One of the key points of an inspection is that each participant has a distinct role to play. These roles are described below:
The key person in a successful inspection. They must be an experienced programmer but need not be a technical expert on the program or code under inspection. To preserve objectivity and to increase the integrity of the inspection, it is usually advantageous to use a moderator from an unrelated project.
The moderator must manage the inspection team and offer leadership. Hence, they must use personal sensitivity, tact, and drive in balanced measure. Their use of the strengths of team members should produce a synergistic effect larger than their number. The duties also include scheduling suitable meeting places, reporting inspection results within one day, and follow-up on rework. For best results, the moderator might be specially trained.
Effective management requires that the moderator possesses the following competencies:
Knowledge — refers to what the moderator knows about how to manage the code review process.
Performance — refers to what the moderator is able to do or accomplish while applying their management knowledge.
Personal — refers to how the moderator behaves when performing the review. Personal effectiveness encompasses attitudes, core personality characteristics, and leadership, which provides the ability to guide the team while achieving review objectives and balancing the review constraints.
Program Designer or Architect
The programmer responsible for producing the program design.
Developer or Coder
The programmer responsible for translating the design into code.
The programmer responsible for writing or executing test cases or otherwise testing the application.
Four people comprise a well-sized review team, although circumstances may prescribe otherwise. If the code is involved in a number of interfaces, the programmers of code related to these interfaces may profitably be involved in the inspection.
It is advisable to schedule inspection sessions of no more than two hours at a time. As practice shows, the error detection efficiency of most inspection teams tends to decrease after two hours of inspection but then grows up after a period of different activity. Two two-hour sessions per day are acceptable. It is important to schedule the time to conduct inspections and resulting rework
The designer first describes the overall area being addressed and then the specific area he has designed in detail — logic, paths, dependencies, etc. Documentation of design is distributed to all inspection participants on the conclusion of the overview.

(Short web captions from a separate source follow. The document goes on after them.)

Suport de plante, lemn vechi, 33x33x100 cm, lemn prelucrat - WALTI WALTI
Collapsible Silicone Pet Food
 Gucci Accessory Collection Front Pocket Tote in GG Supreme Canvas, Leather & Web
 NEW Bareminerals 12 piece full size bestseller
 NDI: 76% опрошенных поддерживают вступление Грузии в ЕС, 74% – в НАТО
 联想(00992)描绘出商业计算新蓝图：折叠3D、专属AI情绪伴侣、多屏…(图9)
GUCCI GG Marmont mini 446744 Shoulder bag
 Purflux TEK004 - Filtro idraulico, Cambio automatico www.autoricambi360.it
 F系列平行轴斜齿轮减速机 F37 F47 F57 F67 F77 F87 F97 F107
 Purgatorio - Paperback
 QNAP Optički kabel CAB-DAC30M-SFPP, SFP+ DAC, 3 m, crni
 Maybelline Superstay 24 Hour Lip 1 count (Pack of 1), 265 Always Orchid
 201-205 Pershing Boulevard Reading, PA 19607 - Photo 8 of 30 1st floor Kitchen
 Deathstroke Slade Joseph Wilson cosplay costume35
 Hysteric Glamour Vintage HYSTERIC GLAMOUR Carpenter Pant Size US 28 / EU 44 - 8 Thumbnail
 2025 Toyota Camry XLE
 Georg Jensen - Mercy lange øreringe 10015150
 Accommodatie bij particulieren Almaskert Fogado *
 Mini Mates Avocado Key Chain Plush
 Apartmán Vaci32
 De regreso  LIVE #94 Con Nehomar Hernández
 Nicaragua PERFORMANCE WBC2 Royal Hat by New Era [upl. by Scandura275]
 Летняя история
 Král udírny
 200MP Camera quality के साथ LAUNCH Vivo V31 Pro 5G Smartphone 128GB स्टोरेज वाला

Participants use the design documentation, literally do their homework to try to understand the design, its intent, and logic. Sometimes errors are found during this operation, but in general, the number of errors found is not nearly as high as in the inspection operation. To increase their error detection in the inspection, the inspection team should first study the ranked distributions of error types found by recent inspections. This study will prompt them to concentrate on the most fruitful areas. Checklists of clues on finding these errors should also be studied.
All participants in the inspection group get together. The moderator controls the meeting, making sure that it stays focused so that it does not get out of hand or stray off course. All related documentation should be available during the inspection. With the design of the artifact under inspection understood (in the previous preparation phase), the main objective in this phase is to find defects. This occurs as the “reader”, chosen by the moderator (usually the coder) takes the team through the inspection artifact. Once a defect is found, no attempt should be made by the inspectors to find a solution. Defects are noted by one of the group members given the task of being meeting scribe (either the tester or someone with no other task).
The formal approach requires strict review criteria (e.g., in-person meetings and reviewer checklists) to ensure a base level of review quality, while the modern, lightweight code reviewing process does not.